The following week he fell in love with a pony up on the Middle Road, and all rides would invariably end up in her direction. Securities were tightened at home; a higher fence, stronger tether, better meals, and constant affection from the family. All day, Dancer would graze happily between rides, but at night he became a regular Houdini...nothing seemed to keep him in.

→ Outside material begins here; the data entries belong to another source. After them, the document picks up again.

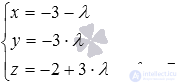   The coordinates of the point of intersection of two straight lines are examples of finding. 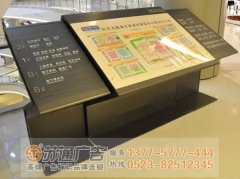 商場標識標牌系統(tǒng)的建設所起的作用不一般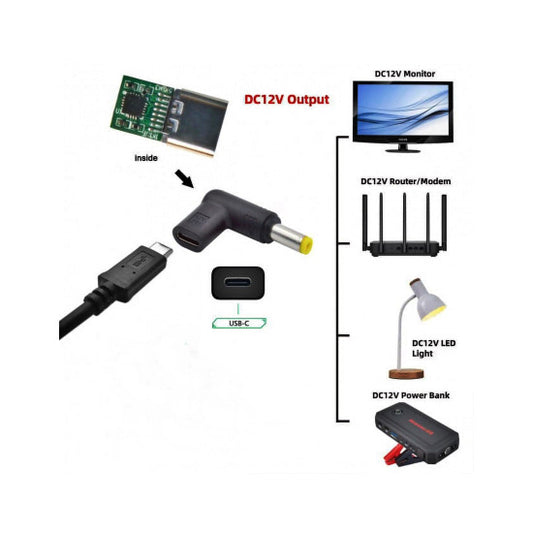 Adaptor 12V USB Type C mama la DC 5.5x2.1mm tata idealSTORE, alimentare 12V unghi 90°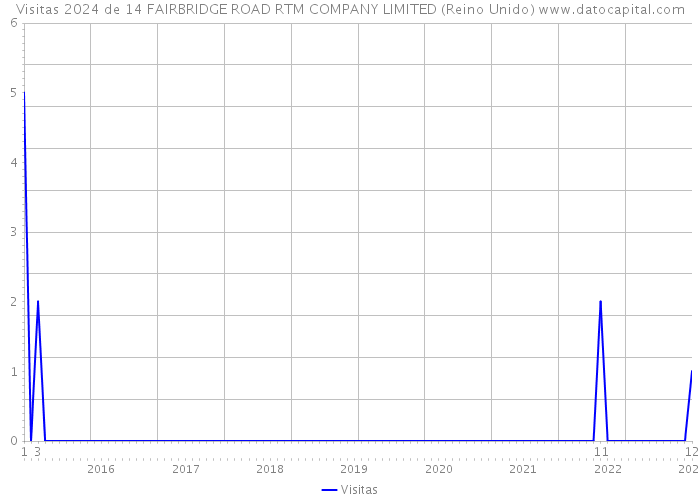 Visitas 2024 de 14 FAIRBRIDGE ROAD RTM COMPANY LIMITED (Reino Unido) 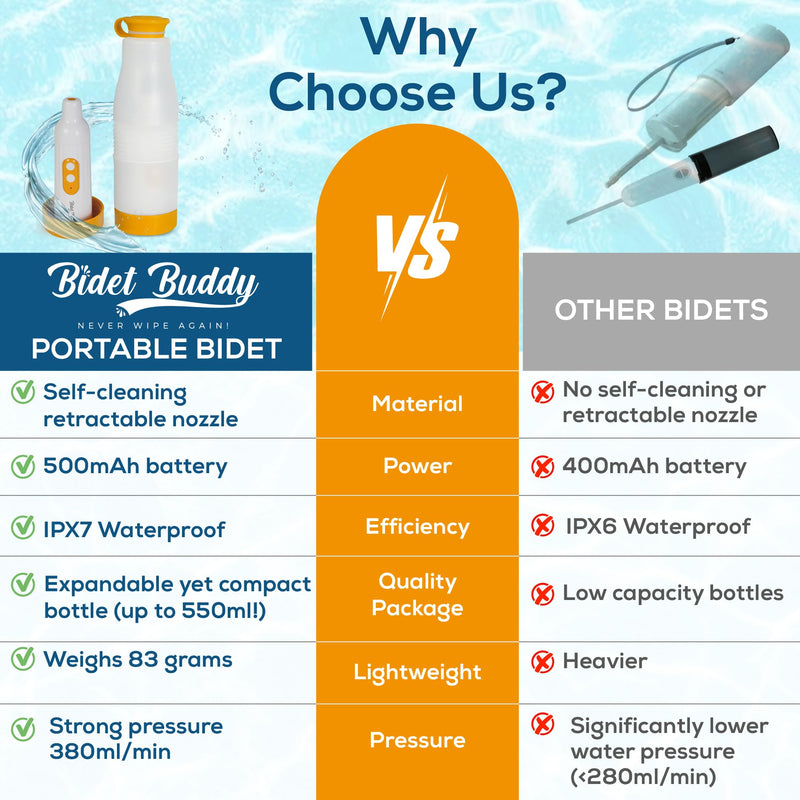 Portable Bidet | Bidet Buddy™ PureJet | High Pressure | Travel Bidet | 550ML Portable Bidet for Travel | Handheld Bidet | Rechargeable Electric Portable Bidet for Women & Men (Arctic White) Arctic White - NewNest Australia
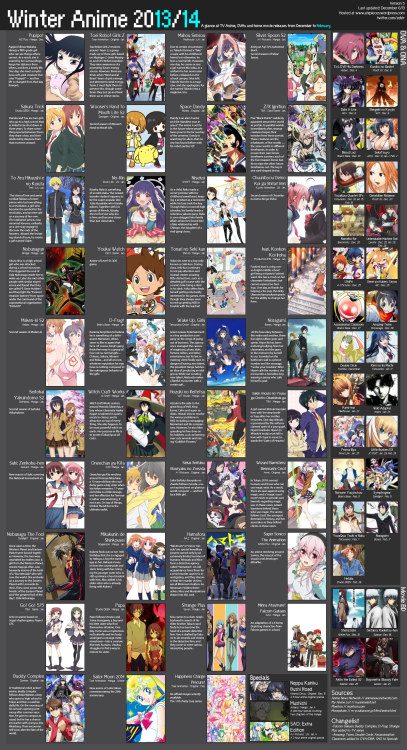 Winter 2014 anime chart, version 5. As usual, the unresized original can be found here.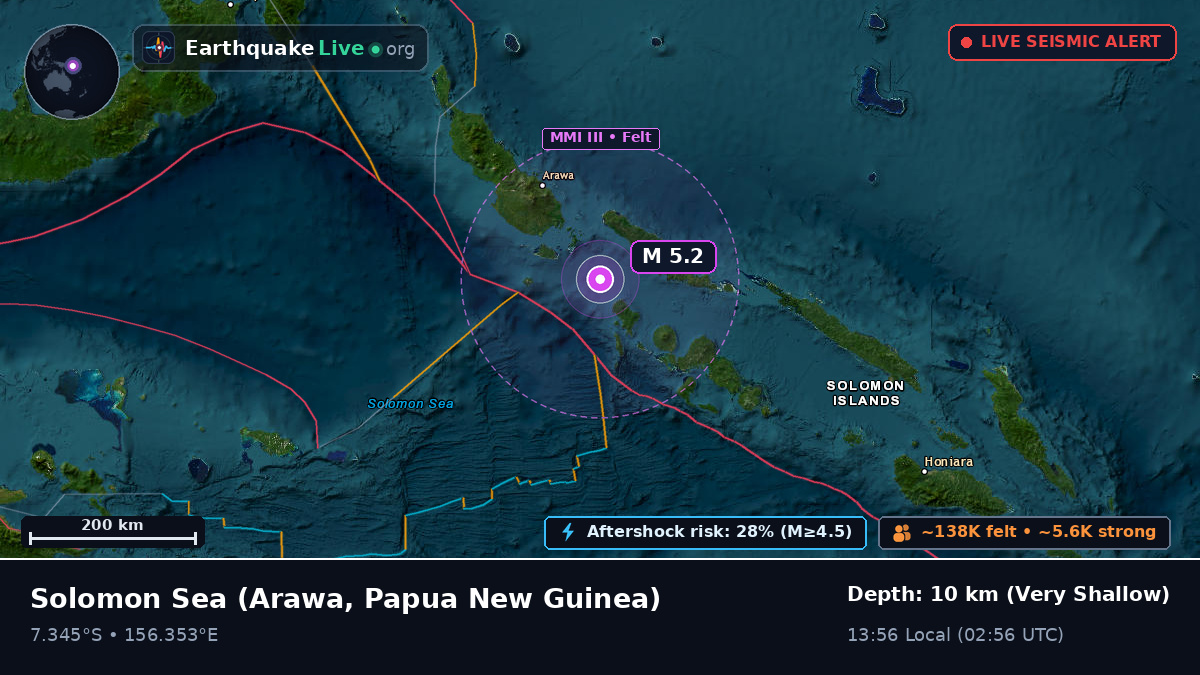 Solomon Sea (Papua New Guinea)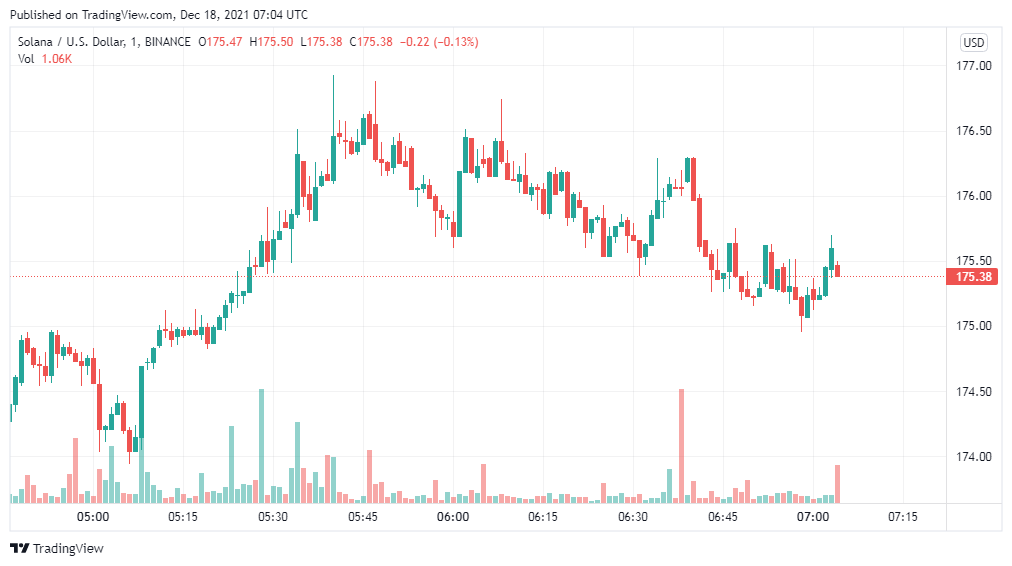 Solana Price Analysis: SOL/USD is bullish for the next 24 hours 1 Solana Price Analysis: SOL/USD is bullish for the next 24 hours 1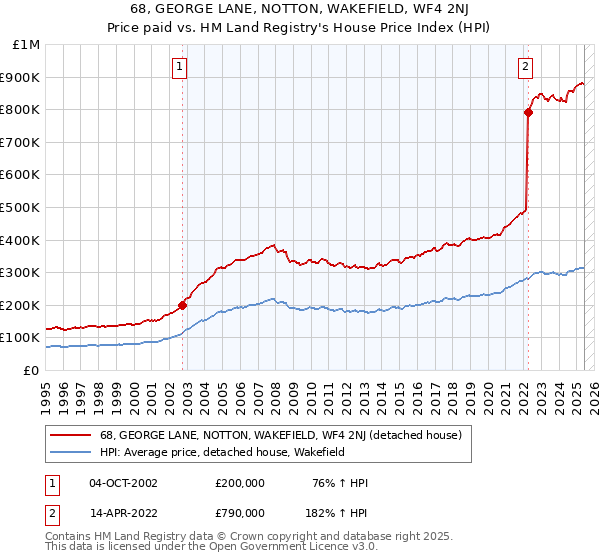 68, GEORGE LANE, NOTTON, WAKEFIELD, WF4 2NJ: Price paid vs HM Land Registry's House Price Index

The past Sunday afternoon we took a berry-picking walk with four friends. Susie riding along with us on the horse for a time, and then veering off. Apparently a difference of opinion arose. Dancer wanted to visit the pony, and Susie did not. The net result being Susie dumped on the ground...scared, but not too damaged outside of a bitten tongue. The next sight we had of her, she appeared from the brush, lying limply forward in the saddle. (Having read every horse book ever written, she followed the course of all Horse Heroines, and got back on). Naturally, my mother heart panicked, and down the hill I raced toward my child, managing to neatly enmesh my ankle in a blackberry bramble.

The battered Eddy women were led gently back home to ice and aspirin. Happily, one of our walking friends was a doctor, so the care had authority behind it. I was told to stay off my foot for a day...no cooking or cleaning or driving. Fairly glorious news.

My husband was driven to the 8 p.m. ferry by a friend, Susie going along to keep her mind off her bent tongue. I was left alone with my icebag, and the prospect of the morrow being spent languishing with a book and tender care...not bad. The phone rang. It was the Chilmark police. Our horse had been found in the front yard of a deserted farm, and would I please come and get him.

I called our oldest daughter who was at a friend’s house, and told her to meet me at the farm, and I’d explain later, but come NOW. Luckily, the car has an automatic shift, and my fragility was all centered in my left ankle, so the little band assembled at the farm, well into the dead of night. We borrowed the rope to lead Dancer by the light of the car, and once more nailed and tied him to the barn.

By midnight we were all bedded down...with more ice and considerable size having been added to my ankle. Fitful slumber lasted until 7 a.m., when the phone rang again. Our horse was seen heading for Gay Head. Back into the car we went Susie and I, our other daughter having to go to work.

We found Dancer attached to someone’s hammock, peacefully munching the lawn . . . and so began another homeward journey along State Road.